You are invited to submit to the York Chancellery tasting notes on bottles of Saint-Emilion which you have particularly enjoyed for inclusion in these pages.

The Chancellor will begin with a bottle of 1947 Balestard la Tonnelle:
The cork was showing its age but, fortunately, was solid for the last 3 or 4 mm. The initial nose was a little musty but some, very pleasing, bouquet developed on it quite soon when I decanted it, very gently, into a narrow decanter immediately before serving. I had not intended to do so but the first sip poured clearly showed that, not only would it stand decanting, but was likely to benefit from it.
The colour can be seen in the photographs and was in reality quite amazingly good, a far deeper red than I had expected, with only a little brick red to brown on the rim and with only a very small clear edge to the rim − characteristic of wine ready to drink rather than that which was in any way over the top.

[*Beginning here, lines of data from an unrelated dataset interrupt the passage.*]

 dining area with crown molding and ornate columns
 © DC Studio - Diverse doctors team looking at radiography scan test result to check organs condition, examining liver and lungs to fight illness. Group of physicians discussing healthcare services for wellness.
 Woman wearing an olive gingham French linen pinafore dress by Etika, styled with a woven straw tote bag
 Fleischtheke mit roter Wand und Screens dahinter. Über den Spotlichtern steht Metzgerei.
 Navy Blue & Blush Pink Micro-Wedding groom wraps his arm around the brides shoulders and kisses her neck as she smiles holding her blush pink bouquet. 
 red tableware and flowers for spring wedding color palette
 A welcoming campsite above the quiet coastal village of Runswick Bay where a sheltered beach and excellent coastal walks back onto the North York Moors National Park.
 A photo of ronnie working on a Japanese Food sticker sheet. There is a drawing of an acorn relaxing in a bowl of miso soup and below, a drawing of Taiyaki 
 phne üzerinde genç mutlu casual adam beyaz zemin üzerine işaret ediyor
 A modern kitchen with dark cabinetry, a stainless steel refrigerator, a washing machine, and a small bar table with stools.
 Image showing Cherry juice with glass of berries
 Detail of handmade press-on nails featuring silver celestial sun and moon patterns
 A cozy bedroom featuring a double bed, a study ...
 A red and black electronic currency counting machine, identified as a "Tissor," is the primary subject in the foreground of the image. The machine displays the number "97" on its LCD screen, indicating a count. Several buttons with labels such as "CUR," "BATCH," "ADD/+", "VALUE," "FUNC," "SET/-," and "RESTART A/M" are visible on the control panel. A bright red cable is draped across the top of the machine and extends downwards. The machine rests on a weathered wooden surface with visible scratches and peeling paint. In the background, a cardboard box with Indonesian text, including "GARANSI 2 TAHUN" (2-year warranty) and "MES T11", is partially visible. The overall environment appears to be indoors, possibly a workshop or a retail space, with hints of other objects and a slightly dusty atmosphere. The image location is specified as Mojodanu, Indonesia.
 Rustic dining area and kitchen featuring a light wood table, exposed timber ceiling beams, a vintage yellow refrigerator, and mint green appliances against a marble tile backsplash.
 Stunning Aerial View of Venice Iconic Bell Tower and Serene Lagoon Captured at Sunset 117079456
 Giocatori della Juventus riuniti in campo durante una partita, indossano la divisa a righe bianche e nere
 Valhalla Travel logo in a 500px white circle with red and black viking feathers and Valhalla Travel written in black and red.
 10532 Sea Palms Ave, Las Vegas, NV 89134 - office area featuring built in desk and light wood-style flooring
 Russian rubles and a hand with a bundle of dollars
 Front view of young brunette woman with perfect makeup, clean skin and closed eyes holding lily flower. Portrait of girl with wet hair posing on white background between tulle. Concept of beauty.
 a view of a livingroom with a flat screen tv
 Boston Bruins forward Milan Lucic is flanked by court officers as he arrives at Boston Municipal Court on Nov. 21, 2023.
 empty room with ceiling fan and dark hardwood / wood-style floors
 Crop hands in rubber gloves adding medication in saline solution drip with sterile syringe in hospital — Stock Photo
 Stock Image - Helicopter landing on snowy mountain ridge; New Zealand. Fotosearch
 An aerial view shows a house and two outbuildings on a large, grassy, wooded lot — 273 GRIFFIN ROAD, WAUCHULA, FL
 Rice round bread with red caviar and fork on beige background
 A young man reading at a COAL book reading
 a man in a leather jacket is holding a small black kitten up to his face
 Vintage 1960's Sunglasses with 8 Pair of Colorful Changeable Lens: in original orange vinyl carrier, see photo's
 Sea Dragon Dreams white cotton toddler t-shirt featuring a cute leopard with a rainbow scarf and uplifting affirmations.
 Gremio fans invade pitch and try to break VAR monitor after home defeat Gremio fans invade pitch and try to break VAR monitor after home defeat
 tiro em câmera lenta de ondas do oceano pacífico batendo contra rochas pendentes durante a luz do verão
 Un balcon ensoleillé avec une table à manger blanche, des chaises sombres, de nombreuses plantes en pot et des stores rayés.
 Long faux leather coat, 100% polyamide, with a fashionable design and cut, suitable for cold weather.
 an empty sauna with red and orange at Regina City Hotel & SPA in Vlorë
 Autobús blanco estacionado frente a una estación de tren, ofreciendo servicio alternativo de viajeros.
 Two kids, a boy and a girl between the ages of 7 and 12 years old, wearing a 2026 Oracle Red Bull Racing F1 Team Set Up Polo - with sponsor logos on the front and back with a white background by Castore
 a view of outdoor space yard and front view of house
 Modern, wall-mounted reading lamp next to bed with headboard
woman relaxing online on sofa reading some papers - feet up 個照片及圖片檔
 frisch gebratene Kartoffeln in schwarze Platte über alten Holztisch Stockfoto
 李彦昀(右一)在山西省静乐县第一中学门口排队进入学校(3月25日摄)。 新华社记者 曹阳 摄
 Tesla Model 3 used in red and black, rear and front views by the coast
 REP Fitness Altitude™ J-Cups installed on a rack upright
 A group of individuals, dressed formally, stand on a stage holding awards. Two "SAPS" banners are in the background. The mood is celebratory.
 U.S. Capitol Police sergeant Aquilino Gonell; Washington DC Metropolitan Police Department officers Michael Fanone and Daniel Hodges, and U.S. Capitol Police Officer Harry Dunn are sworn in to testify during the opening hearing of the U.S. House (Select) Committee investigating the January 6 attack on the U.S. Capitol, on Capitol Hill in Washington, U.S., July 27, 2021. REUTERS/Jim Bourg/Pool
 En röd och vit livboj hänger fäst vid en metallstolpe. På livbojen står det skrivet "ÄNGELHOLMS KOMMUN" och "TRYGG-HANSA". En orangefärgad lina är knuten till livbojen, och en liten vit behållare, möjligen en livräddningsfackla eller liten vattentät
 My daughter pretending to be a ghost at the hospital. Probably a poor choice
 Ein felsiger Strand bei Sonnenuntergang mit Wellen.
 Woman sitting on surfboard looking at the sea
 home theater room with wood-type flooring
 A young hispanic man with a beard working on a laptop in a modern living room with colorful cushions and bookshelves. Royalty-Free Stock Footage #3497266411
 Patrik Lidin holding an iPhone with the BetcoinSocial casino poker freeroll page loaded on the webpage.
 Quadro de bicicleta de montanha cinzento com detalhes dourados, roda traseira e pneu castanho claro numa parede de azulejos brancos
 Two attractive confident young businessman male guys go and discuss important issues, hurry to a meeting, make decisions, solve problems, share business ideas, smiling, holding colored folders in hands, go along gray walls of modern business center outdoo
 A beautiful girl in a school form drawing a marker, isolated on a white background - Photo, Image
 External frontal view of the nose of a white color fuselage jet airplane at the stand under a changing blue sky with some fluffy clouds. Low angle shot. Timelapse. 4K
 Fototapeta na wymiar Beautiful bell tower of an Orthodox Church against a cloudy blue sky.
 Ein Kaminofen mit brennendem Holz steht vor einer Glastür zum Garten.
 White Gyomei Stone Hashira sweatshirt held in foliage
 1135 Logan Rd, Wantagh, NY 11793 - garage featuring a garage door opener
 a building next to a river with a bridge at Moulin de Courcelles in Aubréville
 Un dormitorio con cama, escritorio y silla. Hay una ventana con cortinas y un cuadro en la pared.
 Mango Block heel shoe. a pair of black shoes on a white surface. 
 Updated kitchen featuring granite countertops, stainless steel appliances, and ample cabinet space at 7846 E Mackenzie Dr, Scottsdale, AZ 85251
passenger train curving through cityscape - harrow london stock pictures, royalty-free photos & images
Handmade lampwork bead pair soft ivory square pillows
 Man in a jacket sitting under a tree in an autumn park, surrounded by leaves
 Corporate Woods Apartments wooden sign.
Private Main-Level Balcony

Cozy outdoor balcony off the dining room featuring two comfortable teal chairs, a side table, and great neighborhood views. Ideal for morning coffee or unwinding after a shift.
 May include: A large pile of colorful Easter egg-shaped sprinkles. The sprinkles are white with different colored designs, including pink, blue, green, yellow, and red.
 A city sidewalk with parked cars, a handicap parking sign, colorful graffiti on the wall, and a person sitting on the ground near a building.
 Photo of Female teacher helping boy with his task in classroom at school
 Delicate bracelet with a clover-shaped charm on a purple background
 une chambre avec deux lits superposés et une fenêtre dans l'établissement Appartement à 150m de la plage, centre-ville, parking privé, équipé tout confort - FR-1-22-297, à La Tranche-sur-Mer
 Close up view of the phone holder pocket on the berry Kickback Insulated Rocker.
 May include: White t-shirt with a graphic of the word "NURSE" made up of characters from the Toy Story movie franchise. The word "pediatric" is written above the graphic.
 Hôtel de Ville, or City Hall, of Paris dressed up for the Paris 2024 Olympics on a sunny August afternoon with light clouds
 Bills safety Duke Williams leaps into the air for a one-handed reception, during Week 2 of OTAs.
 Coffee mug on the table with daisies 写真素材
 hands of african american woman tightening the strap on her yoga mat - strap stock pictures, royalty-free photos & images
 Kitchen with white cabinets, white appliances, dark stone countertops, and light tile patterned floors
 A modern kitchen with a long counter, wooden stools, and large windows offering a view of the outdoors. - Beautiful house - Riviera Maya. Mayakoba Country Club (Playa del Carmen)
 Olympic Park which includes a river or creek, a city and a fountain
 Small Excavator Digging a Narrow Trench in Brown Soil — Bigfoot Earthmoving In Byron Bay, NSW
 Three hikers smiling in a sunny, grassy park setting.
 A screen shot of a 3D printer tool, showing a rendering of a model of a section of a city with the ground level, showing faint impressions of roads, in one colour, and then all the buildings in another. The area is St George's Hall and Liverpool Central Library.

The wine was, both at first and throughout, far better in the mouth than was promised on the nose even after the bouquet developed. The texture was pure silk rather than the soft velvet which I associate with other fine old wines I have drunk. On the palate it was quite dry in the middle but very well rounded. It was in length of flavour and after taste that it was so remarkable. Rich ripe fruit seemed to burst into the mouth as the wine was swallowed and it lingered powerfully for a full five minutes or so, coating the whole palate with a much fuller flavour that had been initially present with the wine still in the mouth.
This was a bottle which showed why 1947 was such a great vintage − I only wished that I had had a magnum of it.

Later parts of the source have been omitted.